Thursday, April 23, 2015

"Women Heroes of World War II," by Kathryn J. Atwood Book Review

"All evil needs to triumph is for good men [and women] to sit and do nothing."- Sir Edmund Burke. 

Noor Inayat Khan was the first female radio operator sent into occupied France and transferred crucial messages. Johtje Vos, a Dutch housewife, hid Jews in her home and repeatedly outsmarted the Gestapo. Law student Hannie Schaft became involved in the most dangerous resistance work--sabotage, weapons transference, and assassinations. In these pages, young readers will meet these and many other similarly courageous women and girls who risked their lives to help defeat the Nazis. Twenty-six engaging and suspense-filled stories unfold from across Germany, Poland, the Netherlands, France, Belgium, Denmark, Great Britain, and the United States, providing an inspiring reminder of women and girls’ refusal to sit on the sidelines around the world and throughout history. An overview of World War II and summaries of each country’s entrance and involvement in the war provide a framework for better understanding each woman’s unique circumstances, and resources for further learning follow each profile. Women Heroes of World War II is an invaluable addition to any student’s or history buff’s bookshelf.

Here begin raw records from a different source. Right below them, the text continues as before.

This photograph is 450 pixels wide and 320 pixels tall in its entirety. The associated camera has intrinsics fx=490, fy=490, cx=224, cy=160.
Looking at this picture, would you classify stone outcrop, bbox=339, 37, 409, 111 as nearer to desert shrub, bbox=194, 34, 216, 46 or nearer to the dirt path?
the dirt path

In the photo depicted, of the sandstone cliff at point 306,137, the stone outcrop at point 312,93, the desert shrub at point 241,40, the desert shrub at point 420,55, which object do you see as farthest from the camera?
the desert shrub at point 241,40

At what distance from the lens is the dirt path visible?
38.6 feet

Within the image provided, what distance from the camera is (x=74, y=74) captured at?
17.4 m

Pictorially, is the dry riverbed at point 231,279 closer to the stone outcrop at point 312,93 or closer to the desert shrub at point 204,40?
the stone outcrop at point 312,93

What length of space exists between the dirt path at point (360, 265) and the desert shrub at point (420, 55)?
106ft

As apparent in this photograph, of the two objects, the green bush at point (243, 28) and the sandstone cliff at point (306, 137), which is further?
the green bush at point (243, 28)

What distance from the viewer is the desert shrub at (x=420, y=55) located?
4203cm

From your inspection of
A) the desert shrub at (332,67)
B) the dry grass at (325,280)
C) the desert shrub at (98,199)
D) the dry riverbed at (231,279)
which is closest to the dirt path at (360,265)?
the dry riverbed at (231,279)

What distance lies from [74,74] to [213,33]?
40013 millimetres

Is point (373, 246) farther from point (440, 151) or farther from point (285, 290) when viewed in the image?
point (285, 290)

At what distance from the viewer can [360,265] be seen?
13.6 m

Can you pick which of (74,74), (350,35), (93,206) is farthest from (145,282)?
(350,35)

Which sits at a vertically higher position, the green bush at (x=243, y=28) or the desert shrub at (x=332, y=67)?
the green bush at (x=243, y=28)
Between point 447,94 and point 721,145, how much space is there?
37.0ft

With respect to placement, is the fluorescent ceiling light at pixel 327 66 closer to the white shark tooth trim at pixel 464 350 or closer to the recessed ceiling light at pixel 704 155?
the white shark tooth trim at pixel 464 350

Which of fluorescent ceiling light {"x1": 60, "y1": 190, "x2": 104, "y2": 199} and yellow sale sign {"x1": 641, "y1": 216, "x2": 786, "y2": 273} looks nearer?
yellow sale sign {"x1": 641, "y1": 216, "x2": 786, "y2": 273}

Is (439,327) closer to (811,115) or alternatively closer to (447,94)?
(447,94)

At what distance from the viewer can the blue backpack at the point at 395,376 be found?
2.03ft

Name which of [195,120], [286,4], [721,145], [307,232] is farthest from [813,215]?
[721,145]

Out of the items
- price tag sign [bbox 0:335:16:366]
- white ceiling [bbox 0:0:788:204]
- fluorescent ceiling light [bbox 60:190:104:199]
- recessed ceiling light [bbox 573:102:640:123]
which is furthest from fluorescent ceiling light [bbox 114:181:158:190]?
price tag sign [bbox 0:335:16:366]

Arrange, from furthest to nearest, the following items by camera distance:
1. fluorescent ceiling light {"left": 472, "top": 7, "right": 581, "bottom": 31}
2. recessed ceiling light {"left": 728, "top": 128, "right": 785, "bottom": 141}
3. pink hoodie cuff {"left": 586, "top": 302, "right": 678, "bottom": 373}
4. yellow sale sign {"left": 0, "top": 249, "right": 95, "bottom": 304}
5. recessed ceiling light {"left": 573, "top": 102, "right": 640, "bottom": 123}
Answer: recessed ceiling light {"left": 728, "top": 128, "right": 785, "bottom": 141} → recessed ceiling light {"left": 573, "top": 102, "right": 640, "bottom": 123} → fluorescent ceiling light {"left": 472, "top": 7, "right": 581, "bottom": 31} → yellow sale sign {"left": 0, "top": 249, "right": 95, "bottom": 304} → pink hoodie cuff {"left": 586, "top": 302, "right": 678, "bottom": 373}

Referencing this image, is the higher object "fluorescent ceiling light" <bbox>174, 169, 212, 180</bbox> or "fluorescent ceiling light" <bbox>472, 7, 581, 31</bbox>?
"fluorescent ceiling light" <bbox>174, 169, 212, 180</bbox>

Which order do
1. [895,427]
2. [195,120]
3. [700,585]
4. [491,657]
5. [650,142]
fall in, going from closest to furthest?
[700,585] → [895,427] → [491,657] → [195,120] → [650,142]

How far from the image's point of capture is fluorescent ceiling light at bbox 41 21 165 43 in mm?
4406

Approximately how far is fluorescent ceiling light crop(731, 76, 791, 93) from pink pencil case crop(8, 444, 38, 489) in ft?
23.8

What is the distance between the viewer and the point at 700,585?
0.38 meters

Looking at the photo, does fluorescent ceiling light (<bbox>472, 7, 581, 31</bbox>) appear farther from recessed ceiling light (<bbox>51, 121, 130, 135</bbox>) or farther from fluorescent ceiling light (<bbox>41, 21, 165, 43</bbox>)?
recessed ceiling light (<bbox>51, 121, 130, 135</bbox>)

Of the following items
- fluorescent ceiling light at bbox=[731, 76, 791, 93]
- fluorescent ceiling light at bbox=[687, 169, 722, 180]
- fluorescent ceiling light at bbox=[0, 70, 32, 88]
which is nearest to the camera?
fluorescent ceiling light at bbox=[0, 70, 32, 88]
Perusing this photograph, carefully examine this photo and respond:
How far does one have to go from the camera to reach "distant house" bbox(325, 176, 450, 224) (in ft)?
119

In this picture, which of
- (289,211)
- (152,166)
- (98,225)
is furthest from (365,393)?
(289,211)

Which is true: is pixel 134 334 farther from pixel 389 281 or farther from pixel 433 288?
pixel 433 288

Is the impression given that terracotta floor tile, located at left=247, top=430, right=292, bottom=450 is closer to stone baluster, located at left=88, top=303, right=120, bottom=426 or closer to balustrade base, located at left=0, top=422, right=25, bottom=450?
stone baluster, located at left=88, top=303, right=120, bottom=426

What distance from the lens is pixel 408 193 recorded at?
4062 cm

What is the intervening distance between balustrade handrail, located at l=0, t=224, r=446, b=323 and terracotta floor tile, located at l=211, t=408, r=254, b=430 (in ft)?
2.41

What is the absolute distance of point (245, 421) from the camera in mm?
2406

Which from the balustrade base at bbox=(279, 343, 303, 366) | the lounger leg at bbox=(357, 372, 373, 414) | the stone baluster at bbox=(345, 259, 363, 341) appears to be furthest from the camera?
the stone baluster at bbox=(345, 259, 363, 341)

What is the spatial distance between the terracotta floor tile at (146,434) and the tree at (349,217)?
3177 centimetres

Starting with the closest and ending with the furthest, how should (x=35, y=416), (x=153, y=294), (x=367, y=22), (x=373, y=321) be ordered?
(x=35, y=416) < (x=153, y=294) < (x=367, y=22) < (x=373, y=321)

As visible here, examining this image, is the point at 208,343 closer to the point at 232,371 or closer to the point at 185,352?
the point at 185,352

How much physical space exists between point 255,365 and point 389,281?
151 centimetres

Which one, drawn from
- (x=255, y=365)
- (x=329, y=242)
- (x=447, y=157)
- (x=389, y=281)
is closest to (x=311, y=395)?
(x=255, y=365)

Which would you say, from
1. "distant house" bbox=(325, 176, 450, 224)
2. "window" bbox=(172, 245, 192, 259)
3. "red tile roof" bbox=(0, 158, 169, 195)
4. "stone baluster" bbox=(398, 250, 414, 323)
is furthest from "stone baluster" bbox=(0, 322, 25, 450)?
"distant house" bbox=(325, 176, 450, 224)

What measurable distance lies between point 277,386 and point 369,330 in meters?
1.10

Kathryn J. Atwood is the author of “Women Heroes of World War II,” “Women Heroes of World War I: 16 Remarkable Resisters, Soldiers, Spies, and Medics,” and the editor of “Code Name Pauline: Memoirs of a World War II Special Agent.” She has contributed to War, Literature, and the Arts,, Midwest Book Review, and Women’s Independent Press. To learn more about her and her other books, check out her website at

“Women Heroes of WWII,” is a collection of 26 stories, each containing a tale of an inspiring woman or girl who lived and breathed during WWII. From the four corners of the world, you learn about strong individuals who did what they could to make a difference in the dark world they were living in. Some rescued Jews, others wrote illegal pamphlets, some were spies, some lived to tell their stories and some died for what they believed in. From all walks of life, from various backgrounds, different religions, and separate social classes, these ladies left the mark on the world and are excellent role models for today’s youth. Though these ladies would never think of calling themselves heroes, read their stories and discover what true heroism is.

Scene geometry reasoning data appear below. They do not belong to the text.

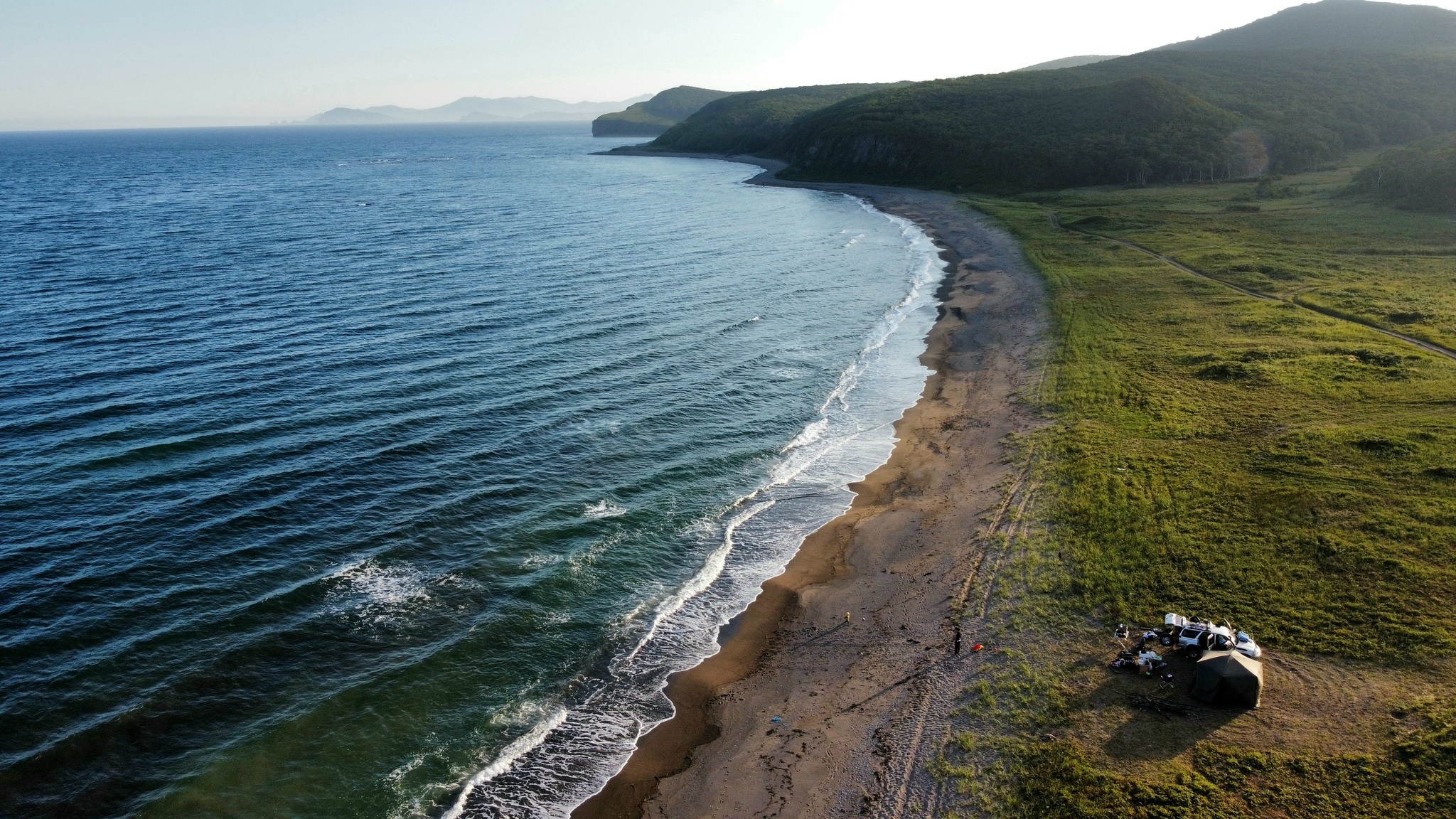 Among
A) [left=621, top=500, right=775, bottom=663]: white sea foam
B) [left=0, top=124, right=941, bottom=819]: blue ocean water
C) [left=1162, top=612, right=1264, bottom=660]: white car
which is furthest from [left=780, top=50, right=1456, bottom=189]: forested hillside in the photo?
[left=1162, top=612, right=1264, bottom=660]: white car

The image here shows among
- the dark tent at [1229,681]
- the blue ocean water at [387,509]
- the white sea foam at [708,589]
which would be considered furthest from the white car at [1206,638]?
the blue ocean water at [387,509]

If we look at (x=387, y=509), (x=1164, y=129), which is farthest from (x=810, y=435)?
(x=1164, y=129)

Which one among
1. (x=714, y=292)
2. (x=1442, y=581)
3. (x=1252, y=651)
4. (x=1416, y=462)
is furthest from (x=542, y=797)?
(x=714, y=292)

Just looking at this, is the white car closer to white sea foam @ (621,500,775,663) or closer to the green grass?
the green grass

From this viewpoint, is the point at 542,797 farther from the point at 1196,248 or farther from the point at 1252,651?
the point at 1196,248

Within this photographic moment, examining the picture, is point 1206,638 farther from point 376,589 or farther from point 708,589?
point 376,589

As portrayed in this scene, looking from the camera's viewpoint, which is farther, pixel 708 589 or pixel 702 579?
pixel 702 579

I actually borrowed and read this book a few years ago as research for a WIP of mine and loved it. A couple weeks ago I saw that they were giving it away on Goodreads and signed up for a chance to win. Imagine my surprise when I received a message from the author herself asking if I would be interested in a free copy in exchange for a book review. Not only that, she also sent me her latest book “Women Heroes of World War I: 16 Remarkable Resisters, Soldiers, Spies, and Medics,” to review as well. I give “Women Heroes of WWII” five stars, not only because of the stories of the ladies featured in this book, but because I love the writing itself. The style is easy to read, smooth but very detailed. I learned about different countries and cultures that I knew very little of, and how those places responded to the Nazis and the Holocaust.

I was thrilled to find many of my own personal heroines featured in there: Sophie Scholl, Irena Sendler and Sophia Podgorska. I was also introduced to many others that I was not too familiar with: Noor Inayat Khan (fun fact, there is a PBS documentary out about her called, “Enemy of the Reich: The Noor Inayat Khan Story”), Josephine Baker (had heard of her, of course, but had not realized all that she had done) and Martha Gellhorn (one of the greatest war correspondents of the 20th century).
I hope to lend this book to my sister that way she can write a review too. She was particularly excited to hear that Noor Inayat Khan was included, since that is a heroine of hers. But I’m selfish and plan to keep it for myself for future reference and enjoyment. Thank you, Kathryn Atwood for sending this to me.